Таким образом я лишился всего своего официального богатства, но меня снова положили на дыбу, и мне пришлось рассказать о спрятанных кладах.

В конце концов мне уже всё стало безразлично. Меня не кормили, чтобы не загрязнять пыточное ложе. Судя по тому, что палачи уходили и приходили, а я отключался в забытьи, суток в пыточной камере прошло несколько.

Потом меня снова отвели в «мою» камеру и я, наконец, потерял счёт времени.

* * *

— Очнитесь, сударь, — сказал кто-то. — Очнитесь!

Меня трепали по растянутому дыбой плечу, и я очнулся от нестерпимой боли.

Я лежал в относительно светлой комнате. Для меня даже полумрак сейчас был, как яркий солнечный день.
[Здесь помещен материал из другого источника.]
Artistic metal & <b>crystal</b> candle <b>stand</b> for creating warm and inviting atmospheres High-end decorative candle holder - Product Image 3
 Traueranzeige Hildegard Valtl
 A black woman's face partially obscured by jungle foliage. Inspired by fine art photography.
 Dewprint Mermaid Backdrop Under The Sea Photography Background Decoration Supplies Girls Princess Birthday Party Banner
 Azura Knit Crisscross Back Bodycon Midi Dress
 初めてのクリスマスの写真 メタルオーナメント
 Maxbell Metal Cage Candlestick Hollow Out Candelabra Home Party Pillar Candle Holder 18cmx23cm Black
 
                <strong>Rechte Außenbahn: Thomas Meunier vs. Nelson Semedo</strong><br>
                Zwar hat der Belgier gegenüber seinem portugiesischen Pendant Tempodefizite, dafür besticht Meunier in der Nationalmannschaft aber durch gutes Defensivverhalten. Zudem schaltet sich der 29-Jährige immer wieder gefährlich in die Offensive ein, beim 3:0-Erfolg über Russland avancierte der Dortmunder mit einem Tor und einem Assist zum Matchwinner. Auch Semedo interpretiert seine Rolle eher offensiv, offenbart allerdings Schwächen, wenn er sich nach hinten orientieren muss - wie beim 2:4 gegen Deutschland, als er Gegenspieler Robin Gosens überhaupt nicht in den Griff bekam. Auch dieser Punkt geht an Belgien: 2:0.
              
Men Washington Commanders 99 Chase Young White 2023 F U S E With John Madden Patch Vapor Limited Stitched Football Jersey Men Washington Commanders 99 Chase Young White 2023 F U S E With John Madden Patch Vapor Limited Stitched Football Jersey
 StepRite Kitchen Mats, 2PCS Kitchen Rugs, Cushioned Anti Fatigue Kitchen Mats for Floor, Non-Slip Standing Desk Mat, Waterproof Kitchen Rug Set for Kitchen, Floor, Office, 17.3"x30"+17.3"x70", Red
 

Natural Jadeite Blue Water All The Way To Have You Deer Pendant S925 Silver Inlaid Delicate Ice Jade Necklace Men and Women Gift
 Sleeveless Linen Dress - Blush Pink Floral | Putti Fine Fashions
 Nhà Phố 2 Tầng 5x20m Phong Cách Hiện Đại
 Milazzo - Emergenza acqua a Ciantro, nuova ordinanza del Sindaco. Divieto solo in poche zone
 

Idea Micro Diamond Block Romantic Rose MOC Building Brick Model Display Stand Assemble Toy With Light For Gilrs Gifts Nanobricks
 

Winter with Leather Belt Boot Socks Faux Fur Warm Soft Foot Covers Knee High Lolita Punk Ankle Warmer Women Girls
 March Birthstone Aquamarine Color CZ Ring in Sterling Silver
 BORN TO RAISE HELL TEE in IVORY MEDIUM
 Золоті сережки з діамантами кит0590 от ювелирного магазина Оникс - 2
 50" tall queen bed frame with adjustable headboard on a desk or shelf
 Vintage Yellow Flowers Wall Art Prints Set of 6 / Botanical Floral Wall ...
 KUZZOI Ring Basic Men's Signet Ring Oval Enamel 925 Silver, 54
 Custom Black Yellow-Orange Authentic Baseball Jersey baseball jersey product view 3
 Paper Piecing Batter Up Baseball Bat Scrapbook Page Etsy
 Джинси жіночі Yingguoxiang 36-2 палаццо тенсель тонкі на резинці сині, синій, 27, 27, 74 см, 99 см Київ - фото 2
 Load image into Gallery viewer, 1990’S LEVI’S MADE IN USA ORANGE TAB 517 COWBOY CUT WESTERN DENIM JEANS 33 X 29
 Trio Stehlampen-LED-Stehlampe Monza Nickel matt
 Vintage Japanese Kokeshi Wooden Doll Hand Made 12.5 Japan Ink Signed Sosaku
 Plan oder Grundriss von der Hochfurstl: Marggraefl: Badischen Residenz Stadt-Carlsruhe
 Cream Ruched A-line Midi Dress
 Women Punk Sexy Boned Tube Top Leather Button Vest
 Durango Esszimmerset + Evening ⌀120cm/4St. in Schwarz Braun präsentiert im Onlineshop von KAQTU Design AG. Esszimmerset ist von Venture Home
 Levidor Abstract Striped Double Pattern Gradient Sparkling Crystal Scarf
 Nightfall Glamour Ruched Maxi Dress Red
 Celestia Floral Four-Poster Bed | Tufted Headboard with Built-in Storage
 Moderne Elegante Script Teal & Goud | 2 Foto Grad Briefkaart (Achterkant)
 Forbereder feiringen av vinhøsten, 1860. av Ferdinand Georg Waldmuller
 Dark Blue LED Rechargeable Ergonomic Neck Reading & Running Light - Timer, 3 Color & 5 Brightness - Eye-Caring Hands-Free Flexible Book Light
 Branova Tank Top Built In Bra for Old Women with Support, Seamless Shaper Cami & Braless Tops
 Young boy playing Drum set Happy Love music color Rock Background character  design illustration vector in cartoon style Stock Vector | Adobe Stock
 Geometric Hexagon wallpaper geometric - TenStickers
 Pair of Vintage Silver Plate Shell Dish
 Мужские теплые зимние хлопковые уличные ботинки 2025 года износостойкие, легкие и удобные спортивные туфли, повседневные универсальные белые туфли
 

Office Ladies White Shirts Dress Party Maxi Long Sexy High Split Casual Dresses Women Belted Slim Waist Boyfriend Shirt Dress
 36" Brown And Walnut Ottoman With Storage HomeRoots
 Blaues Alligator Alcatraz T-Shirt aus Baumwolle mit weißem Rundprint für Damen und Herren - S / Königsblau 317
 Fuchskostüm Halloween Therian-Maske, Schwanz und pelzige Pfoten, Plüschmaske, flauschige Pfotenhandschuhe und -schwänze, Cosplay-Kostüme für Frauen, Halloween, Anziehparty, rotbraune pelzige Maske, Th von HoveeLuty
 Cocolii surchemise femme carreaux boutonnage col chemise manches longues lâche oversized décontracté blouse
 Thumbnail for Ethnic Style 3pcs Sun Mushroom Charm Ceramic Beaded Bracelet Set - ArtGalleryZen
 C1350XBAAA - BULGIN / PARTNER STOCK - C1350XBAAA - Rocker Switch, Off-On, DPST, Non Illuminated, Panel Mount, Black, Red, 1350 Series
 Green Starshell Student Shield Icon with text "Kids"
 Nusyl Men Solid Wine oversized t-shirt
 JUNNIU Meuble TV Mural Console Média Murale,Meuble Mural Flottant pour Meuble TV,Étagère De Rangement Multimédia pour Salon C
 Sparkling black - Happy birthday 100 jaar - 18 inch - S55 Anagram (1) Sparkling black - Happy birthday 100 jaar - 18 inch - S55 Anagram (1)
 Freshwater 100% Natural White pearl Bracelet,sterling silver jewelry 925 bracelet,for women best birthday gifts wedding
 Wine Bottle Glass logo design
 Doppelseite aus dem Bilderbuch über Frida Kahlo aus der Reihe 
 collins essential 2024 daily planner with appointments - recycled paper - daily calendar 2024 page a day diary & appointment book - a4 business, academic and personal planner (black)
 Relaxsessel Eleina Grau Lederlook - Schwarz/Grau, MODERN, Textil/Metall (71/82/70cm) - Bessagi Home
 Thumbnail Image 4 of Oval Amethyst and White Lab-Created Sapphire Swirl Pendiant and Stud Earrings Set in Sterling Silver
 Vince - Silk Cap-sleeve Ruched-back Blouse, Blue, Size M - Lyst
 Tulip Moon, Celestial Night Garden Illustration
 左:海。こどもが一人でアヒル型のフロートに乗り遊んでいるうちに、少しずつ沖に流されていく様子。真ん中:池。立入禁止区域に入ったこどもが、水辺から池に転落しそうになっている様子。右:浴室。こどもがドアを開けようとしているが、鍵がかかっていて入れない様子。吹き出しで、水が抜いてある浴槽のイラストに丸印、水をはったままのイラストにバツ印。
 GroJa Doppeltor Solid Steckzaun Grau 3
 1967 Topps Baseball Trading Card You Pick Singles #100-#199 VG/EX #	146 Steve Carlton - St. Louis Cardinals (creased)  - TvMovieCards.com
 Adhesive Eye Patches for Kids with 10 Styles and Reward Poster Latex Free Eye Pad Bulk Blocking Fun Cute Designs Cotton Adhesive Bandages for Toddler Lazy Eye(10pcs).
— Где я? Кто я? — Сорвалось у меня с губ, и я улыбнулся, вспомнив анекдот: «Могу ли я? Магнолия?». Уже то, что я был не в каземате и не на виселице, для меня было счастье. Что-то изменилось. И, скорее всего, я буду жить.

— Что произошло? — Спросил я склонившегося надо мной старика.

— С вами? Лихоманка приключилась. От истязаний. Руки ноги горели. Ужо гаснет жар то. Слава Господу не вывернули хрящи и не порвали жилы. Да тело немного заязвилось. Да нешто… Пройдёт.

Я с трудом поднял ладони к глазам. От кистей до плеч руки покрывали мелкие раны.

— Я позову князя, — сказал лекарь и вышел, но пришёл не скоро и я провалился в сон.

— Сударь, — снова разбудили меня.

У моих ног стояли два человека. Один мне кого-то напоминал. Кого-то из далёкой прошлой жизни. Второй спросил меня.

— Как, живы?

— Не знаю. Вроде жив, да на долго ль?

— Теперь, надо думать, на долго.

Ко мне подошёл первый и спросил по-английски:

— Вы в порядке?

Я узнал его. Это был один из «инструкторов» ордена, натаскивавших меня в Лондоне.

— Теперь уже да.

Из глаз потекли тихие слёзы.

Глава 23

Я начал вставать только на десятые сутки и был сразу вызван к царю.

Юрий Иванович, второй сын Ивана Третьего, встретил меня сдержано.

— Вы, герцог, взяли на себя самую тяжёлую ношу в моём пути к престолу и будете вознаграждены. Мы не станем обсуждать действия моего брата. Они были вызваны заботой о государстве. Однако вот все, подписанные вами грамоты.

Царь показал на стоящий в углу стол, прям-таки заваленный бумагами.